#### What to produce:
Please give the lines below again exactly as they stand, from the one that contains "Kris Devillé - Bijzettafel" up to and including the one that contains "Gift Message Card", leaving all pictures out.

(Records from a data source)
· · ·

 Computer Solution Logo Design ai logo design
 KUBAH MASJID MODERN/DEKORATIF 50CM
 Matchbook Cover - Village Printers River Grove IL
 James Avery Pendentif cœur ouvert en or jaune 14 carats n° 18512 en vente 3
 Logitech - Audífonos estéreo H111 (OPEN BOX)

· · ·

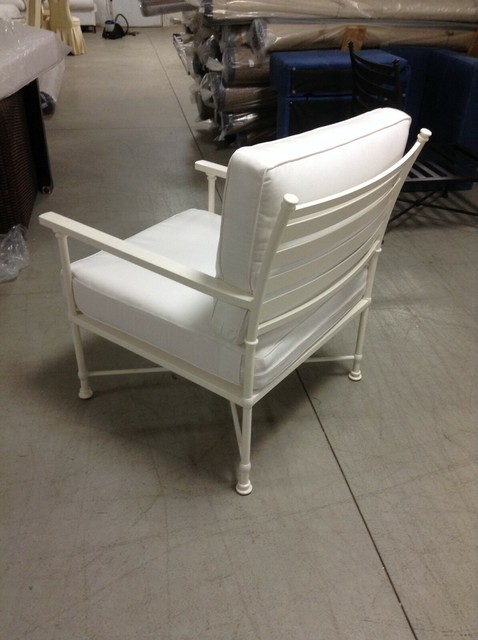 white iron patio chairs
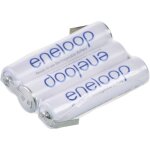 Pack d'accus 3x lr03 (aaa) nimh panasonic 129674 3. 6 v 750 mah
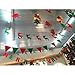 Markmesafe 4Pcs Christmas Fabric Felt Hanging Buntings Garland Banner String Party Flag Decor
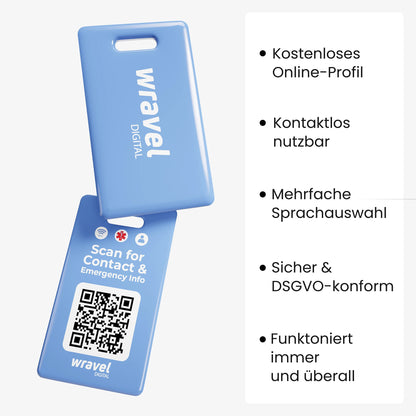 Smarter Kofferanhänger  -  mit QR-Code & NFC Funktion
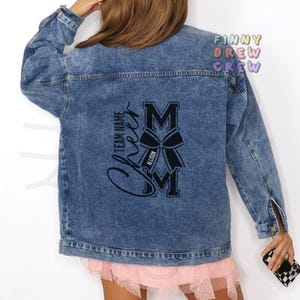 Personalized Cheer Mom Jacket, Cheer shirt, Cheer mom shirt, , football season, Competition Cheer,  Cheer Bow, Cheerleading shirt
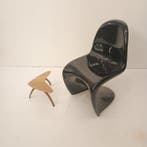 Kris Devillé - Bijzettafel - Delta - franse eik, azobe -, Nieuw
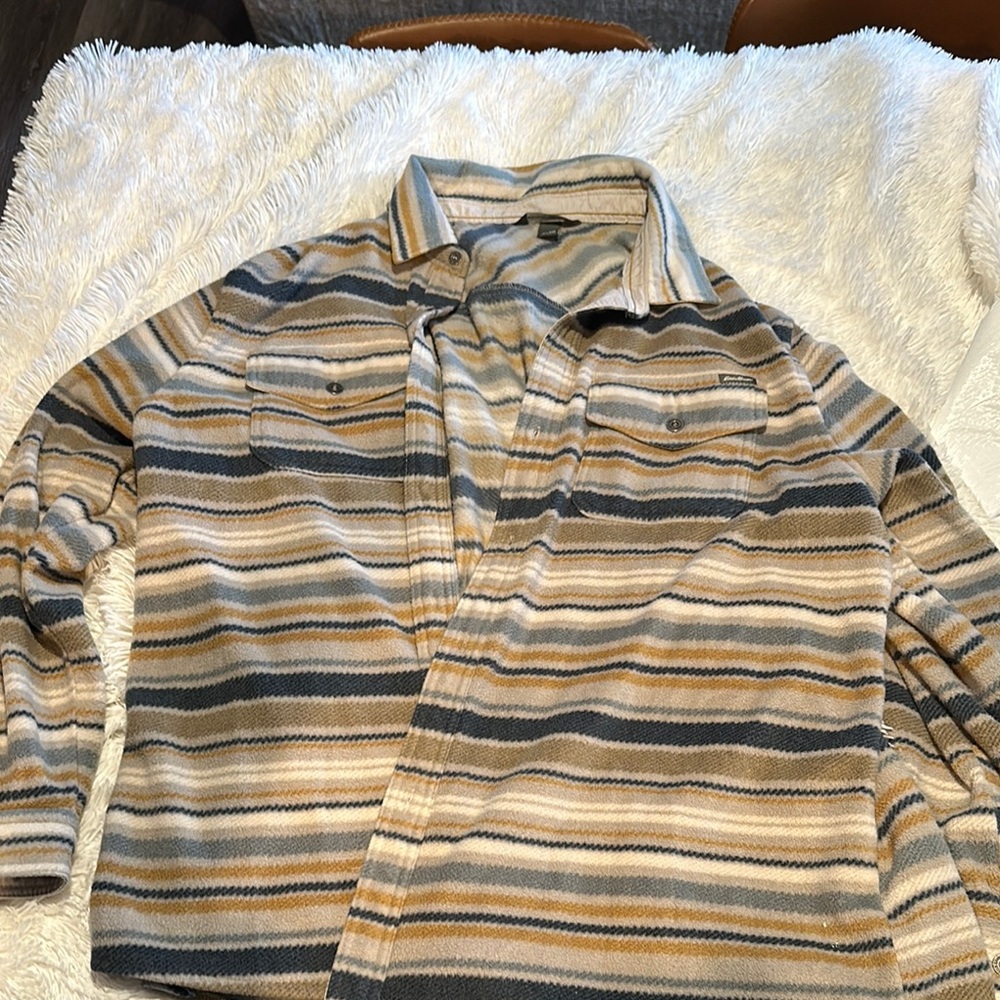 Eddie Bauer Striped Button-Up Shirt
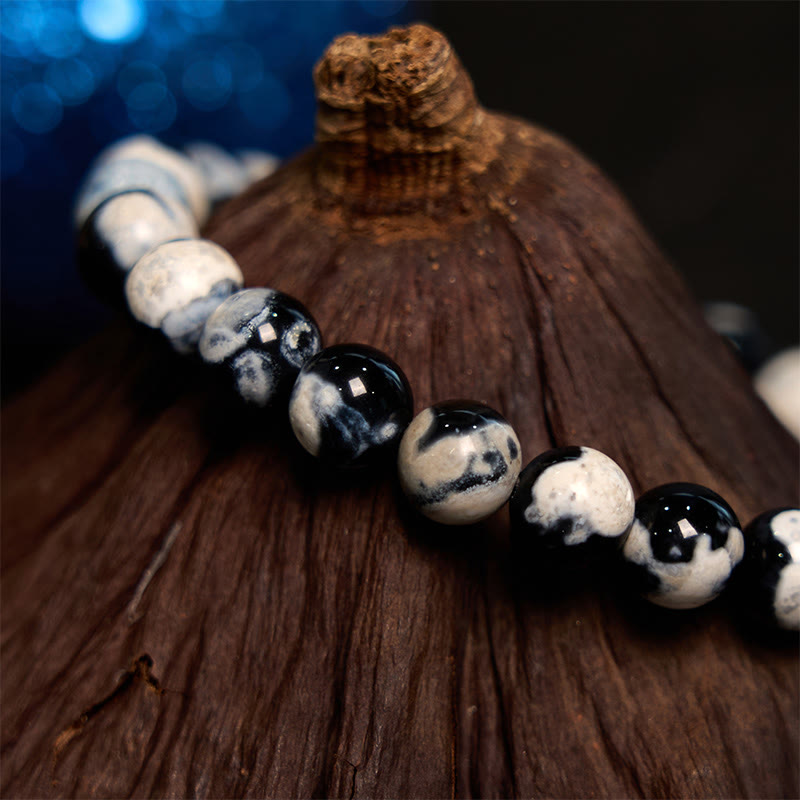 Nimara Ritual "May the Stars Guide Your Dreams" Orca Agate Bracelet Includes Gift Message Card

· · ·

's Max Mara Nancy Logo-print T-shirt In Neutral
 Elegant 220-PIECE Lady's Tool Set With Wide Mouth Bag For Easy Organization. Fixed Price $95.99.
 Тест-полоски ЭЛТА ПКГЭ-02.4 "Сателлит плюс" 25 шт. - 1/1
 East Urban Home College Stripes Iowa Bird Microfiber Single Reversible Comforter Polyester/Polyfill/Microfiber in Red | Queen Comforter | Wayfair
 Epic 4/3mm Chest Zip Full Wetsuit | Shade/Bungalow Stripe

· · ·

#### Answer space:
 Kris Devillé - Bijzettafel - Delta - franse eik, azobe -, Nieuw
 Eddie Bauer Striped Button-Up Shirt
 Nimara Ritual "May the Stars Guide Your Dreams" Orca Agate Bracelet Includes Gift Message Card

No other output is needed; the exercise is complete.